# Sim City: Neuer DLC löst Verkehrsprobleme und politischer PR-Coup



## PCGH-Redaktion (26. Juni 2013)

Jetzt ist Ihre Meinung gefragt zu *Sim City: Neuer DLC löst Verkehrsprobleme und politischer PR-Coup*

					Neues aus SimCity: Neben einem neuen DLC für 9 Euro, der die Verkehrsprobleme der Städte lösen soll, hat sich EA einen kleinen PR-Coup ausgedacht und lässt im Bundestag drei Politiker SimCity spielen. Allerdings müssen die sich beim Aufbau der Stadt an die Wahlkampfprogramme halten.
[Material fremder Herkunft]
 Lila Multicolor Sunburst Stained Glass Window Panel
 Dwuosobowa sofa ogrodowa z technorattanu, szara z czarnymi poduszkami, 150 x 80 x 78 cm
					[size=-2]Bitte beachten Sie: Der Kommentarbereich wird gemäß der Forenregeln moderiert. Allgemeine Fragen und Kritik zu Online-Artikeln von PC Games Hardware sind im Feedback-Unterforum zu veröffentlichen und NICHT im Kommentarthread zu einer News. Dort werden sie ohne Nachfragen entfernt. Sollten Sie Fehler in einer News finden, schicken Sie diese bitte an online@pcgameshardware.de mit einem aussagekräftigen Betreff.[/size]





			Dieser Inhalt steht nur eingeloggten Mitgliedern zur Verfügung.
        

 Zurück zum Artikel: *Sim City: Neuer DLC löst Verkehrsprobleme und politischer PR-Coup*


----------



## Freakless08 (26. Juni 2013)

*AW: Sim City: Neuer DLC löst Verkehrsprobleme und politischer PR-Coup*

Jetzt verlangt EA auch noch Geld für Patches die Bugs fixen 
Ich liebe euch EA  Ihr habt die Zeichen der Zeit erkannt das sich Gamer ausnehmen lassen wie ne Weihnachtsgans.
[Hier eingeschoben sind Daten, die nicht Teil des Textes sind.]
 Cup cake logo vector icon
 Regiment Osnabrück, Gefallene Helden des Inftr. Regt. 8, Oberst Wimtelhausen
Pech für die SimCity 5 käufer.


----------



## Earl_Raven (26. Juni 2013)

*AW: Sim City: Neuer DLC löst Verkehrsprobleme und politischer PR-Coup*

Ach ja, wie schön. Dlcs die keiner braucht und dazu überteuert sind. Simcity ist und bleib ein riesen FAIL.

EA tut der Welt den gefallen und geh sterben.


----------



## r4mpag3 (26. Juni 2013)

*AW: Sim City: Neuer DLC löst Verkehrsprobleme und politischer PR-Coup*



Earl_Raven schrieb:


> Ach ja, wie schön. Dlcs die keiner braucht und dazu überteuert sind. Simcity ist und bleib ein riesen FAIL.
> 
> EA tut der Welt den gefallen und geh sterben.


 
wooow noch einer der zu spät zum hatetrain gekommen ist.

Edit naaa gut..aber ich muss mich hier schon zusammen nehmen dass ich den hammer im werkzeugkasten lasse...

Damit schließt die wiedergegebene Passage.